There are pictures in the records below; leave them out and set down exactly the lines from the one holding "Men #57 Luke" through the one holding "NBA Brooklyn Nets".

*** Information given ***

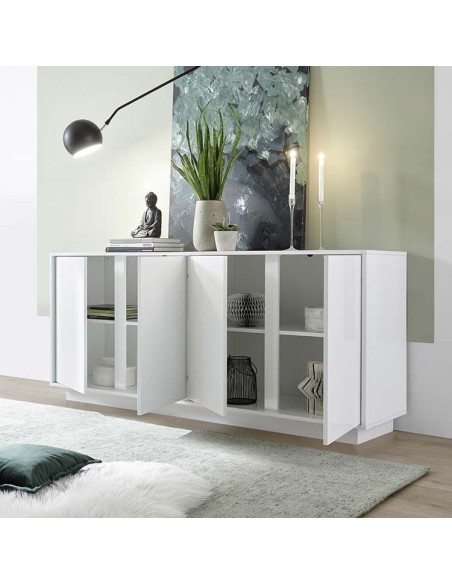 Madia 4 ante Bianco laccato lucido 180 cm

*** End of Information given ***
*** Information given ***

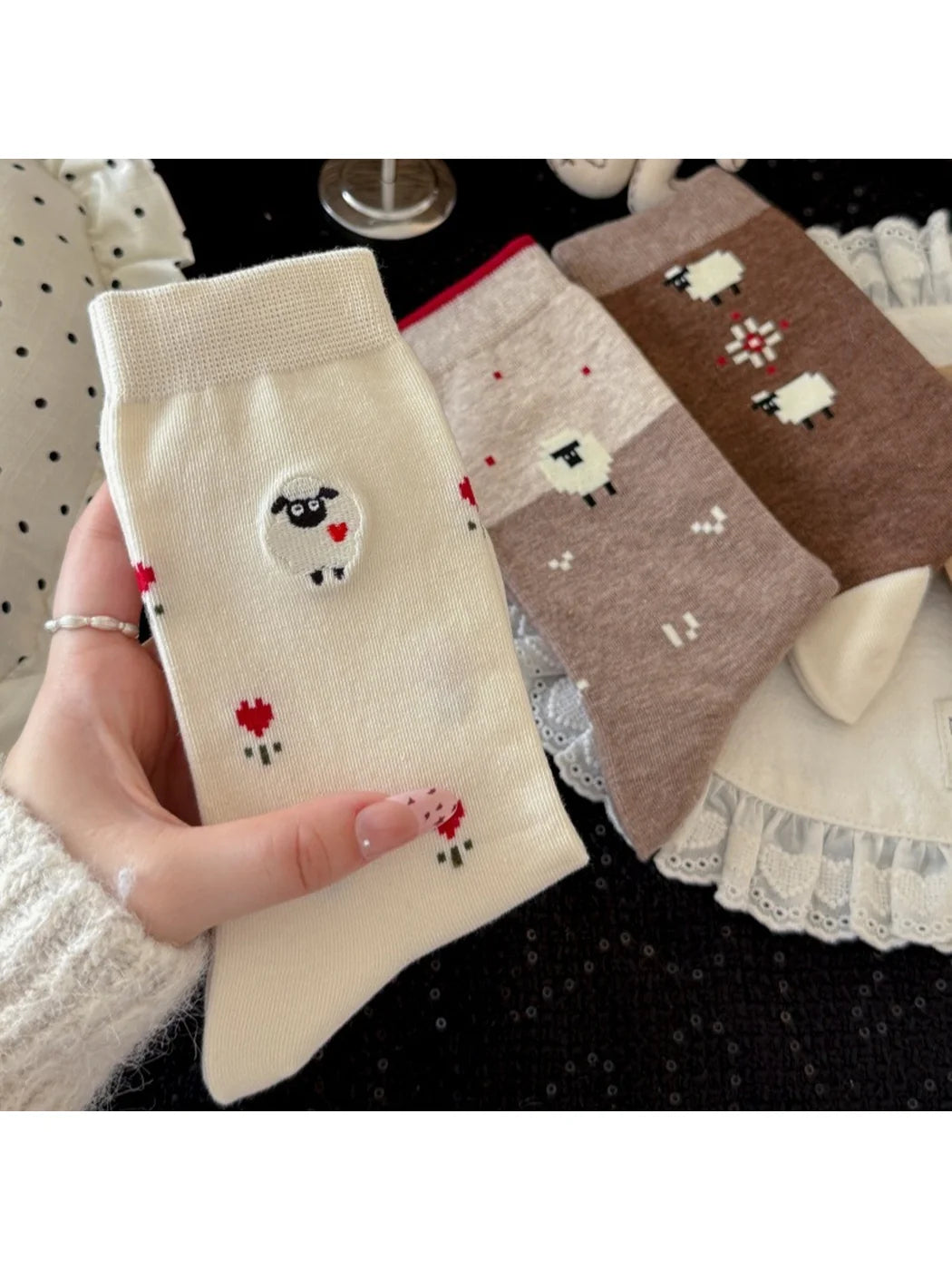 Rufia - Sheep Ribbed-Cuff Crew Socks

*** End of Information given ***
*** Information given ***

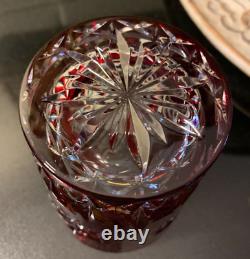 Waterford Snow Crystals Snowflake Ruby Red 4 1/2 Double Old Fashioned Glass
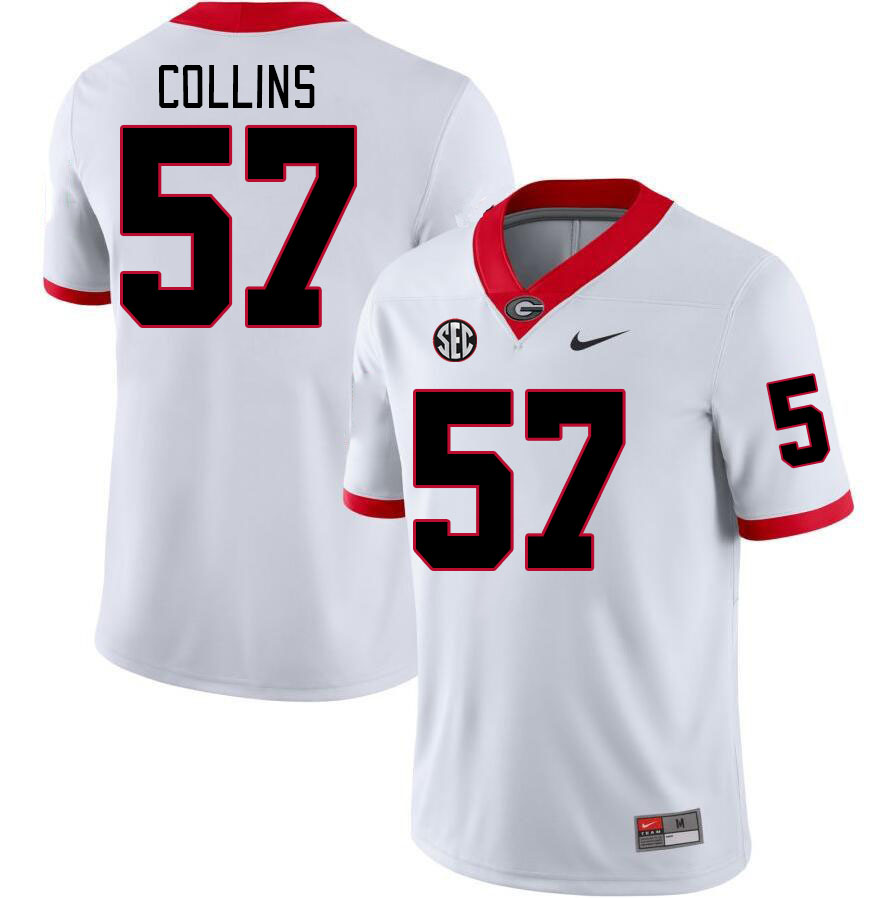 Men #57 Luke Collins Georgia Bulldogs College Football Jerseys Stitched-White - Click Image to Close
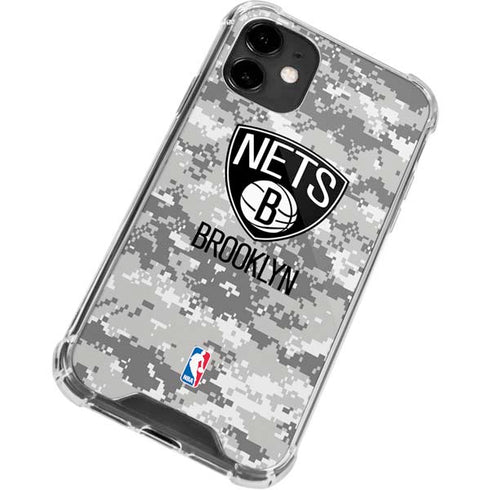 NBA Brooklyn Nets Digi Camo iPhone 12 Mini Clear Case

*** End of Information given ***

_Output for this exercise_
 Men #57 Luke Collins Georgia Bulldogs College Football Jerseys Stitched-White - Click Image to Close
 NBA Brooklyn Nets Digi Camo iPhone 12 Mini Clear Case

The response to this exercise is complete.